(PROVIDED ENTRIES Opens)

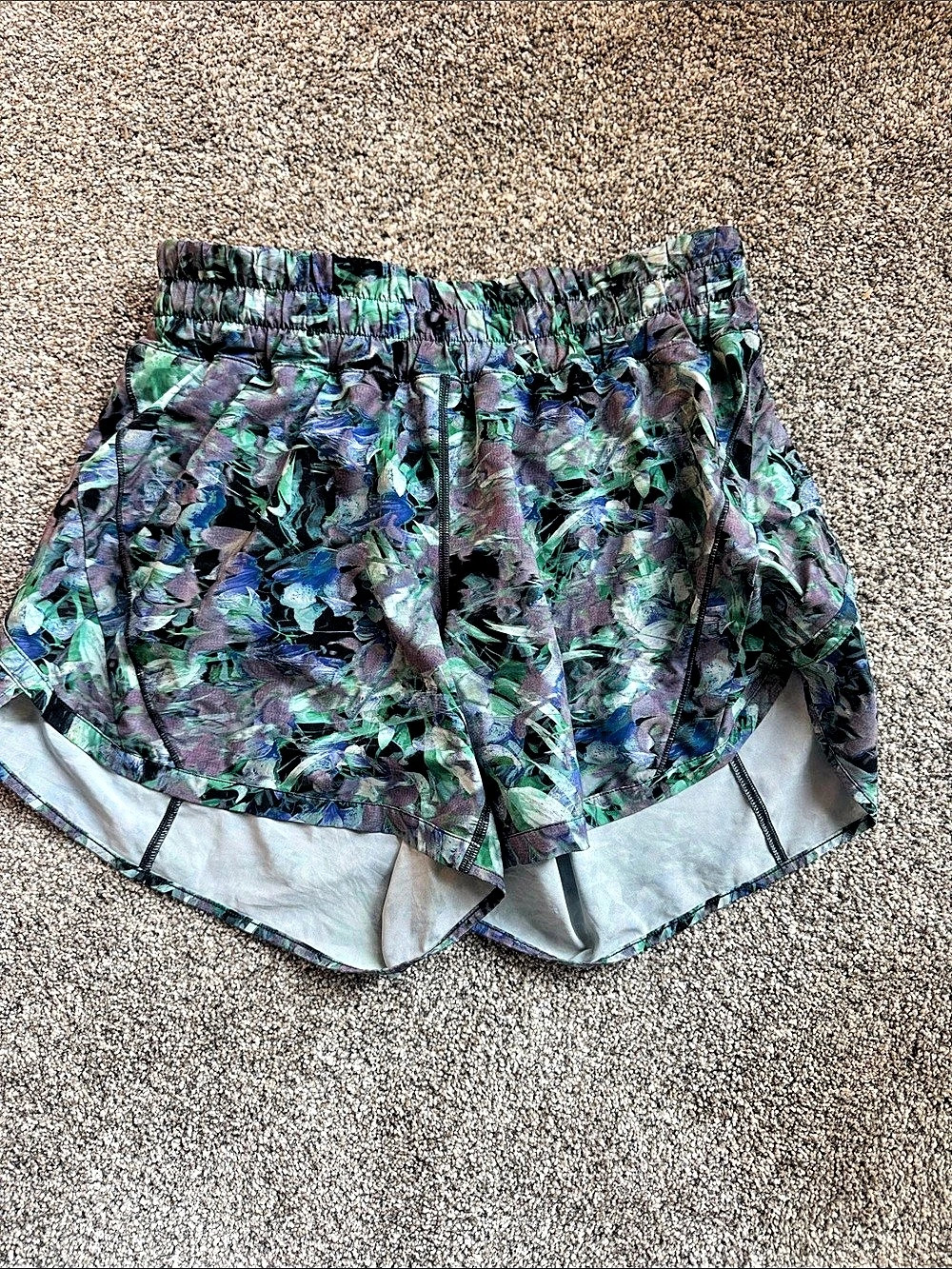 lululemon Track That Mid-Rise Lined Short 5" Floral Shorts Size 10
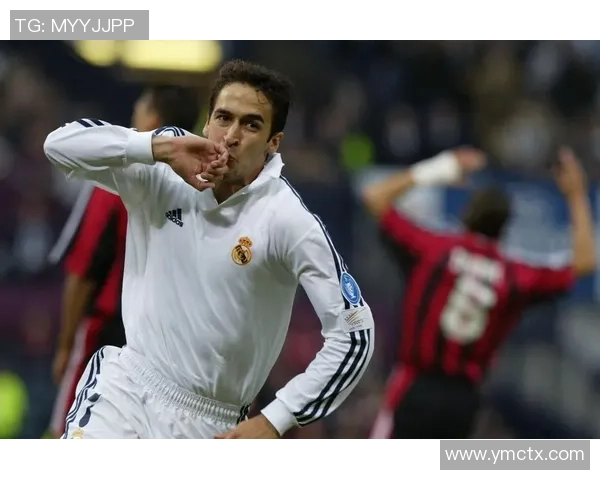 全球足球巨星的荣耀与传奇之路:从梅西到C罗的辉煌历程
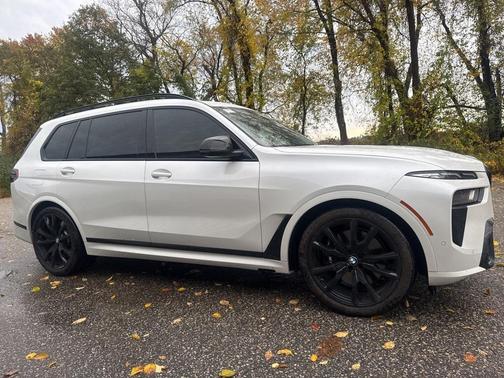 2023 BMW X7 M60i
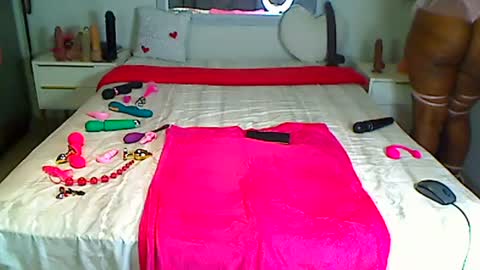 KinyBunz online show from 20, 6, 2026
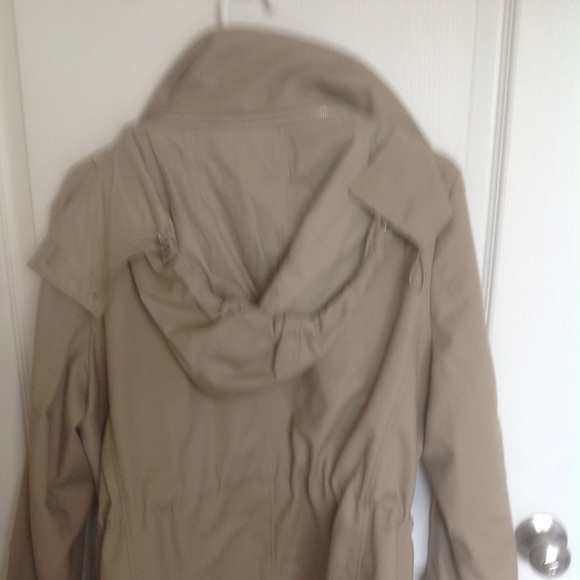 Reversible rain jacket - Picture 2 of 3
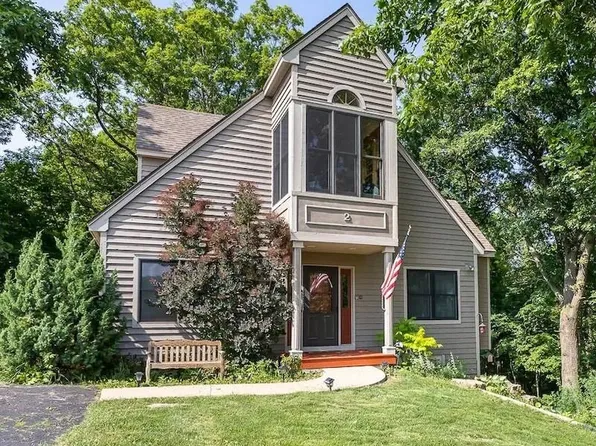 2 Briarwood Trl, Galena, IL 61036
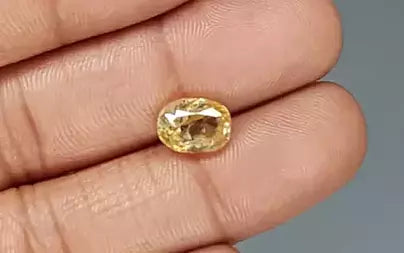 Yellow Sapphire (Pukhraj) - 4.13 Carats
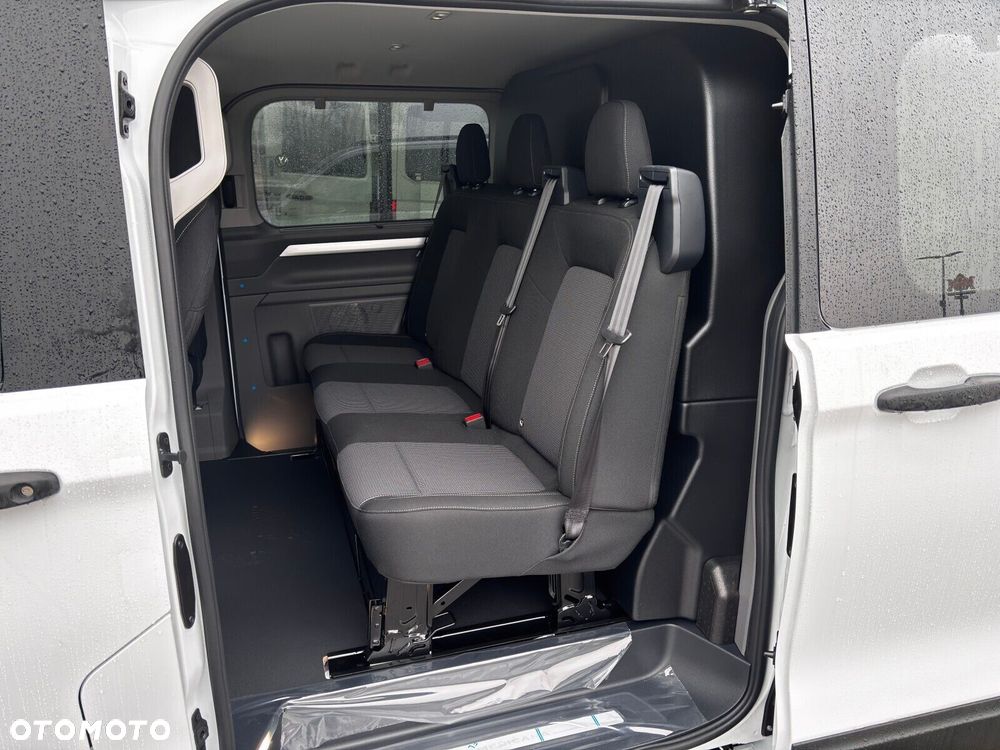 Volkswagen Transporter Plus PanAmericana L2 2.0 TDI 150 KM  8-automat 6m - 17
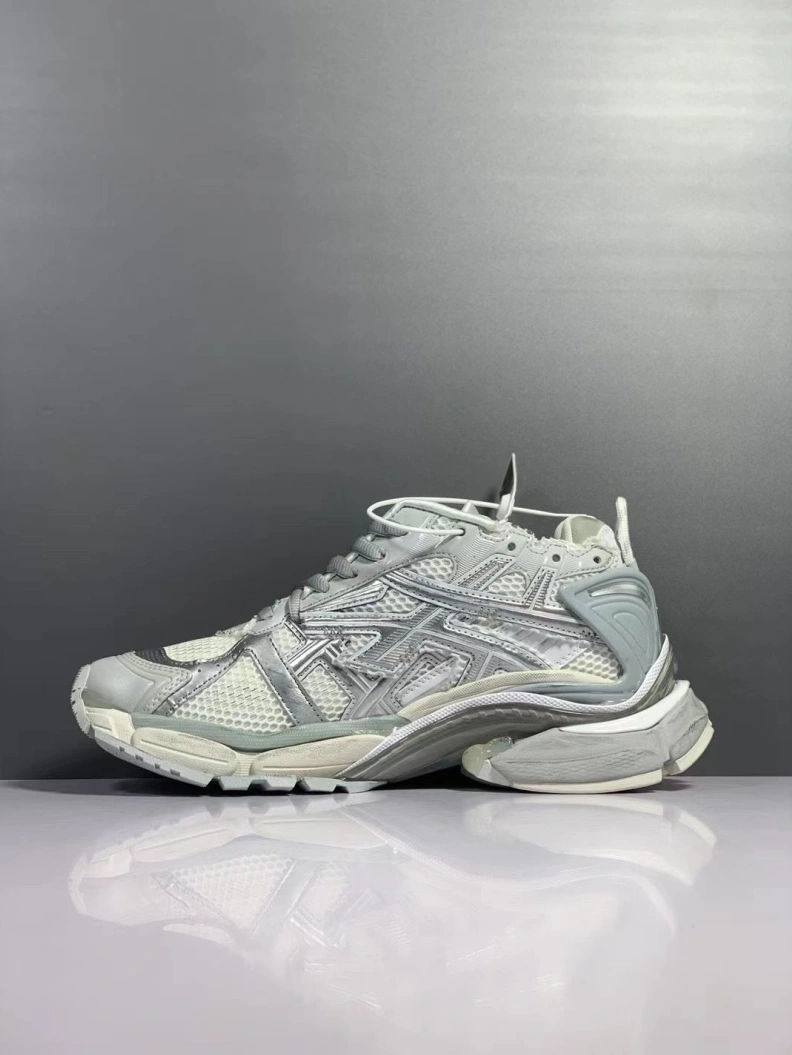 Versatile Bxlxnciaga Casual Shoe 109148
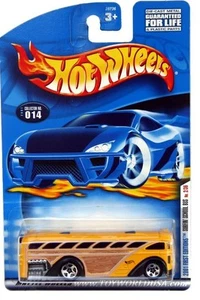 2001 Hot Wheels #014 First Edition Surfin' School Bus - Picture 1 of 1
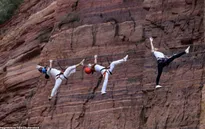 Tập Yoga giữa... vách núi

(PROVIDED ENTRIES Closes)

» **TASK PROMPT**: Return the entries verbatim without images.

» **SOLVED EXERCISE**:
 lululemon Track That Mid-Rise Lined Short 5" Floral Shorts Size 10
 全球足球巨星的荣耀与传奇之路:从梅西到C罗的辉煌历程
 2023 BMW X7 M60i
 KinyBunz online show from 20, 6, 2026
 Reversible rain jacket - Picture 2 of 3
 2 Briarwood Trl, Galena, IL 61036
 Yellow Sapphire (Pukhraj) - 4.13 Carats
 Volkswagen Transporter Plus PanAmericana L2 2.0 TDI 150 KM  8-automat 6m - 17
 Versatile Bxlxnciaga Casual Shoe 109148
 2001 Hot Wheels #014 First Edition Surfin' School Bus - Picture 1 of 1
 Tập Yoga giữa... vách núi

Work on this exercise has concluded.